In the fall of 1926 Pastor William Beitz delivered a local conference paper entitled: “God’s Message to Us in Galatians—The Just Shall Live by Faith.”  This paper touched on many a sore spot on the church of that day and was received with mixed response; but the response of the synod’s officialdom was vehemently negative.  The seminary faculty prepared an answer to this paper; it was called the Gutachten.  Koehler was asked to sign this answer, thus endorsing its contents.  He did sign it, but with the reservation that he (Koehler) talked with Beitz regarding the disputed issues before the Gutachten be sent to the Wisconsin Synod clergy.  The faculty disregarded Koehler’s reservation and broadcast their answer to the synod without his knowledge.  Koehler saw Beitz on two occasions shortly thereafter, the result being that the two came to an understanding regarding the disputed points of Beitz’s paper.  Nevertheless, the Beitz-condemning Gutachten had Koehler’s signature and it was now public property.  Thereupon Koehler wrote his own position regarding the entire matter in a paper known as his Ertrag.  The Ertrag divorced him from the contents of the Gutachten; actually expressed his opposition to it.  Koehler read this Ertrag before the Joint Synod Committee in October, 1927.  Upon hearing it this committee turned Koehler over to the Seminary Board for further dealings.  The writing was clearly on the wall at this point, for several other men, among them another seminary professor, had already been suspended y this same Board.  The situation hung in critical tension for almost two years when, in August of 1929, the Seminary Board handed Koehler the following resolution:…”

                    


                                                                         Milwaukee, Wisconsin

                                                                                                                August 13, 1929

Esteemed Professor:

  It is my grievous duty to communicate to you the following decision…We are reservedly in agreement…and therefore declare that Professor Koehler cannot continue in the office at our seminary and expect God to bless his efforts.

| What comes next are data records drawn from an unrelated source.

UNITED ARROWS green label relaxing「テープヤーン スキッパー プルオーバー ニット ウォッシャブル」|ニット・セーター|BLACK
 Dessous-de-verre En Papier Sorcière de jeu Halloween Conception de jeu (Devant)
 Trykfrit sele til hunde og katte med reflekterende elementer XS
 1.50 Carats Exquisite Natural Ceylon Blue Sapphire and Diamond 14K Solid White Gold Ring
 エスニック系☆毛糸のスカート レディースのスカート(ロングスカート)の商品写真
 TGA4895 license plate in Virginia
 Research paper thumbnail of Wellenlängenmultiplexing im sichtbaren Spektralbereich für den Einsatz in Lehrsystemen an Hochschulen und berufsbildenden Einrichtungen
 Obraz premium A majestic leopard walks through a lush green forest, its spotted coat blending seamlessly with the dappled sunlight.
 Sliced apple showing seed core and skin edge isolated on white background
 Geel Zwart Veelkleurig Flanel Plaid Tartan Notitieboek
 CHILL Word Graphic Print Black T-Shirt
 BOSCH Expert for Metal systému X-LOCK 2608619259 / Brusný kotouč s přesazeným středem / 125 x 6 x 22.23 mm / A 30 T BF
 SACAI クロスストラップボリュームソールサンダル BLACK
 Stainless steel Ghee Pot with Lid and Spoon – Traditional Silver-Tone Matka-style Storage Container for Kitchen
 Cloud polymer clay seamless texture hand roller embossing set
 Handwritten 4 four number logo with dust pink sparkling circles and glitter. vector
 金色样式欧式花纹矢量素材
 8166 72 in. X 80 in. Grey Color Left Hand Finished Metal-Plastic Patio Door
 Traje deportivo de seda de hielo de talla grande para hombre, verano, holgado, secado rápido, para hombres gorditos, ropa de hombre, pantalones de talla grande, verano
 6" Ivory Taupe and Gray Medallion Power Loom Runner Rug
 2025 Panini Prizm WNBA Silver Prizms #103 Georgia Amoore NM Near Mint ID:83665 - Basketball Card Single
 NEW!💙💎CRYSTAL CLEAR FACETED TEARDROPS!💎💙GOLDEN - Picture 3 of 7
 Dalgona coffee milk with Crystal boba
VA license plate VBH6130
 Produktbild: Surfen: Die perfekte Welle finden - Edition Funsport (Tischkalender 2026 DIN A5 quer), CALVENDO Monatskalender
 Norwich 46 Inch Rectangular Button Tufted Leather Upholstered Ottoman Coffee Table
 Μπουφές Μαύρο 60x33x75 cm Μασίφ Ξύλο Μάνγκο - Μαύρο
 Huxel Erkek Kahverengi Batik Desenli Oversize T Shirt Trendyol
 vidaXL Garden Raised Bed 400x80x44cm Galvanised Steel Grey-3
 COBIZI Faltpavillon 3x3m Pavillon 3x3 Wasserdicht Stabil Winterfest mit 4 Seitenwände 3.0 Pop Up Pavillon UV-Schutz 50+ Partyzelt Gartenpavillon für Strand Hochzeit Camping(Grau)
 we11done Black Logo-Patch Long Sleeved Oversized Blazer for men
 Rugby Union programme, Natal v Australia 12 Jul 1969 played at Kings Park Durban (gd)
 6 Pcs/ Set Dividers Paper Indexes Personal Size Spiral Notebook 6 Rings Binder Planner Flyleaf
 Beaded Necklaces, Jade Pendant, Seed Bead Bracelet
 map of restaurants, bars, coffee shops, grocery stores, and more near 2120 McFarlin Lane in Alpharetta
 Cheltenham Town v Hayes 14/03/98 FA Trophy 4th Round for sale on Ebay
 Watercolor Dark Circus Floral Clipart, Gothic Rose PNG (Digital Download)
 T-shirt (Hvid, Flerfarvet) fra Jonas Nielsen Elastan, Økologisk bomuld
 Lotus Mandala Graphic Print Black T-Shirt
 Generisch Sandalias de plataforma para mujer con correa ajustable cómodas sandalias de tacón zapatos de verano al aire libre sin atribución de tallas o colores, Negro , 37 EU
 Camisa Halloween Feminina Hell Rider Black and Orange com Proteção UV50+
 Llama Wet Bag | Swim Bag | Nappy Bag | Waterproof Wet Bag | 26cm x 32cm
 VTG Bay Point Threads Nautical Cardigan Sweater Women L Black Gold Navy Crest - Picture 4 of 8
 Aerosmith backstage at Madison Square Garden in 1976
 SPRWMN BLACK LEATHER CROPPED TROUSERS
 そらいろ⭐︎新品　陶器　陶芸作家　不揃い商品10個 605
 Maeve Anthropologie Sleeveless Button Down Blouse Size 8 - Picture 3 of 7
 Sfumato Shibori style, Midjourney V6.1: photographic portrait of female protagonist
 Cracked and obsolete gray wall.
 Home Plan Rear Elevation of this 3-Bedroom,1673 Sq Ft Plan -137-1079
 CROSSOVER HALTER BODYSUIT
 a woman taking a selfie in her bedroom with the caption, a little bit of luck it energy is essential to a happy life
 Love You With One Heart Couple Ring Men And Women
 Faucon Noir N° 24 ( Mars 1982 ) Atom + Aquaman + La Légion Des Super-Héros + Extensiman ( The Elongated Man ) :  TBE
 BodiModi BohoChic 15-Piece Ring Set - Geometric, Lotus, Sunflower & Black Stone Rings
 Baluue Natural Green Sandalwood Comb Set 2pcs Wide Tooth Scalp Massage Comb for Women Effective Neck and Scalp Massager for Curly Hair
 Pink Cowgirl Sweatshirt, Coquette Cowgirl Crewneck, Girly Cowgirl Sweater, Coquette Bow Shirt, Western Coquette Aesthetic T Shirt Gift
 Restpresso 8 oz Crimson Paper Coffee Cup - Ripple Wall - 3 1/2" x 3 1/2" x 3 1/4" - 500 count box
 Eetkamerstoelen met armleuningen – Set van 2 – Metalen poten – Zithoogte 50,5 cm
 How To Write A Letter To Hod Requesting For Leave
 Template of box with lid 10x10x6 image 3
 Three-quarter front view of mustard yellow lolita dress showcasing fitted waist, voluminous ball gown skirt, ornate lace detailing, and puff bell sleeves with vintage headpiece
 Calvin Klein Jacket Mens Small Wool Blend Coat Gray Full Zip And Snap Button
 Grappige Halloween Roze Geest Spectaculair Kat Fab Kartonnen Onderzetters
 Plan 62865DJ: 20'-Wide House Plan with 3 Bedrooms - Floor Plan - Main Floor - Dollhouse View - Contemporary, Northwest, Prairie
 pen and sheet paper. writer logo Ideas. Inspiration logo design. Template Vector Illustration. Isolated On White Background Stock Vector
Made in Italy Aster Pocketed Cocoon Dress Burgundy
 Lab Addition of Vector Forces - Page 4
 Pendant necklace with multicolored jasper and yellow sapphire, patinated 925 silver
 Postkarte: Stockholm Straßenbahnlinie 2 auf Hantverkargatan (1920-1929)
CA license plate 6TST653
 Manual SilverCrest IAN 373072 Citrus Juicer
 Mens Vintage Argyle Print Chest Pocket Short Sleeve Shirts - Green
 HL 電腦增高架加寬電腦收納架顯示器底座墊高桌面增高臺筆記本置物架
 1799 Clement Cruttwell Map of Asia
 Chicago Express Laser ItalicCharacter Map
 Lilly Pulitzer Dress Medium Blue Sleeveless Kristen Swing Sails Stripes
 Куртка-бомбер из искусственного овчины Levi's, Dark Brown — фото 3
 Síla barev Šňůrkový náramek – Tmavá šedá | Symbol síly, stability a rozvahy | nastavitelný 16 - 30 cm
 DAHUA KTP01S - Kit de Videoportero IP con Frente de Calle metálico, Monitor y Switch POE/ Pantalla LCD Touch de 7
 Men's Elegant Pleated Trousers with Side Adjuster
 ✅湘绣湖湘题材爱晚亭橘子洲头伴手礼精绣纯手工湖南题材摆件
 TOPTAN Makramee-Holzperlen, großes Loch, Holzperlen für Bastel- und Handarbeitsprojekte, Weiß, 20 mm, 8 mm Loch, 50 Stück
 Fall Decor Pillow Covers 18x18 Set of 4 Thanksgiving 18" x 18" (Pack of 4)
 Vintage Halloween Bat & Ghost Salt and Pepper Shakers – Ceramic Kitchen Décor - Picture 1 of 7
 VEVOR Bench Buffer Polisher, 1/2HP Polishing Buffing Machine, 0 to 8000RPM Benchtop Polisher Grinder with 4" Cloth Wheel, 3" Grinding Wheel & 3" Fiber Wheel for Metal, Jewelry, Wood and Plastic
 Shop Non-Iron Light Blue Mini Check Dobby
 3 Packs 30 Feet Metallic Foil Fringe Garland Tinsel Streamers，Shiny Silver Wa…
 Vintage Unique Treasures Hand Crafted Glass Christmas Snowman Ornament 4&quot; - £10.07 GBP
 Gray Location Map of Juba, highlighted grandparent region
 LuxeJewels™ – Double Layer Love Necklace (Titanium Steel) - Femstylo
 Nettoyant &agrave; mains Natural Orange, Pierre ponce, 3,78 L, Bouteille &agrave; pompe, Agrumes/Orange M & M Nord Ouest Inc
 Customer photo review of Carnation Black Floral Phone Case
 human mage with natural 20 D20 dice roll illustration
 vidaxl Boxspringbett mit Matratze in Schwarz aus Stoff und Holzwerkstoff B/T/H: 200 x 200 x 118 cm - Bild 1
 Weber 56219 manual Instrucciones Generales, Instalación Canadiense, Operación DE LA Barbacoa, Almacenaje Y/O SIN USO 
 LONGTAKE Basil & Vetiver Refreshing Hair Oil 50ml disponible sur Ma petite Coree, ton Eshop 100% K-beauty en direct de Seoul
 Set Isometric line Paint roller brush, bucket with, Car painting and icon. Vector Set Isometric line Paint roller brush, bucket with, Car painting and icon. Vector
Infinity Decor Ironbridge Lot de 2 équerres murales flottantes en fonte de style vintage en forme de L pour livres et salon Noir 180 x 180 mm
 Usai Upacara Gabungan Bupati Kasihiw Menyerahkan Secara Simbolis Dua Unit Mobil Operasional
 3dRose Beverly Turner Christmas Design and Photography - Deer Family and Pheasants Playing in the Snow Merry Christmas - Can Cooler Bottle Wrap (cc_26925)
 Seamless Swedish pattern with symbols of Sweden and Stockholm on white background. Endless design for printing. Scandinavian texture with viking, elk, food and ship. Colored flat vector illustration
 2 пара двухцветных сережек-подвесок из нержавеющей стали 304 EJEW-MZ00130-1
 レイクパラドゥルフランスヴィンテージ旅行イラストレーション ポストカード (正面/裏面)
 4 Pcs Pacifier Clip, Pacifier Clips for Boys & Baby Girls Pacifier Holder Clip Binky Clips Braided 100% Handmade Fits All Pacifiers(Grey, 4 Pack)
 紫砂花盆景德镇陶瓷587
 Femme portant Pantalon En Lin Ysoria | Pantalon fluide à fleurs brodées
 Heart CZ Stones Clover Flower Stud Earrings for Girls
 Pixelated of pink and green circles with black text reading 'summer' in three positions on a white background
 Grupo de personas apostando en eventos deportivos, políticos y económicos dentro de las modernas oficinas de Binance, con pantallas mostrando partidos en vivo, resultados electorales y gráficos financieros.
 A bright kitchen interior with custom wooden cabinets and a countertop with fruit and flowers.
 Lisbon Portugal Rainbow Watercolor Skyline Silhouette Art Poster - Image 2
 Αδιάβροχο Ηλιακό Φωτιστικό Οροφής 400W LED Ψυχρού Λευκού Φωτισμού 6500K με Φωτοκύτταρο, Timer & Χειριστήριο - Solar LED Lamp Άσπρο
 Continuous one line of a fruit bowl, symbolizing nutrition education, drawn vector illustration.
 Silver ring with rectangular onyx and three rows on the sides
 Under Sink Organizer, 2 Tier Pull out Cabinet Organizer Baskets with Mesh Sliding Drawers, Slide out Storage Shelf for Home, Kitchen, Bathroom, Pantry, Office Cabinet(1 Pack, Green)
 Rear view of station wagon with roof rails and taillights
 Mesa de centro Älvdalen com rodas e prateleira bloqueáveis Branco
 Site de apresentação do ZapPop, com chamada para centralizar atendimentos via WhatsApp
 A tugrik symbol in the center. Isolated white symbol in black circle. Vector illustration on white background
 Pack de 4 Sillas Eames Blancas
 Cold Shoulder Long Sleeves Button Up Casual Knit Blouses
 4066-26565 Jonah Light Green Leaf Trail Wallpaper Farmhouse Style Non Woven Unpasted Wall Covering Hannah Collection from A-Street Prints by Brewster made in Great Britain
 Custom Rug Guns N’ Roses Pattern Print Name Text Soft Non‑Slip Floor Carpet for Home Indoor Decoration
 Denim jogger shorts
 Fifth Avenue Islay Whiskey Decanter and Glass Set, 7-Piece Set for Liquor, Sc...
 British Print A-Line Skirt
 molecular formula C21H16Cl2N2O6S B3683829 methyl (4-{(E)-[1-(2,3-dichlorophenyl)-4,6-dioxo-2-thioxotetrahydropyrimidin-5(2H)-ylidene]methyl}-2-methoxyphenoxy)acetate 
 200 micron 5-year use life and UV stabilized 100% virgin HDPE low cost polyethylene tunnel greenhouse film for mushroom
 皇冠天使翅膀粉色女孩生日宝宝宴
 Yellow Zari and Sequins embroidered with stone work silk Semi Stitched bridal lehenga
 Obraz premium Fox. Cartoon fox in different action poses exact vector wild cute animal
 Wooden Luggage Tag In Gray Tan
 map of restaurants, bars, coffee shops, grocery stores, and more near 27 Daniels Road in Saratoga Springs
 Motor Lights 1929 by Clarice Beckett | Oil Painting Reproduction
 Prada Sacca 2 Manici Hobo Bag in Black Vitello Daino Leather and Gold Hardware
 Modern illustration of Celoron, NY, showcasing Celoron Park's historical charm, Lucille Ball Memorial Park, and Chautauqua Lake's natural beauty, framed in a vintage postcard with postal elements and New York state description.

                                                                                                                On behalf of the Board,

W. Hoenecke, Secretary 


This, then, is the final break.  What had been long in gathering force over the previous decades now erupted in the firing of J. P. Koehler.  Let it never be said that he resigned!  Pieper’s forces had won their long-sought victory, but at the expense of blighting the Wisconsin Synod’s theology from that day to this, which is another history in itself.

Koehler remained in residence at the seminary for a year and then moved to Neillsville, Wisconsin.  He continued to write [e.g., The History of the Wisconsin Synod, Commentaries on Ephesians, John, and I John, and book reviews] and lecture fro the Protes’tant Conference, that group of men who were suspended from the synod during this lengthy controversy.  He requires no eulogy; the work he has left bears sufficient testimony as to his merits.  The Lutheran Church in America and especially the Synodical Conference would do well carefully to examine his message for, truly, it is His Message.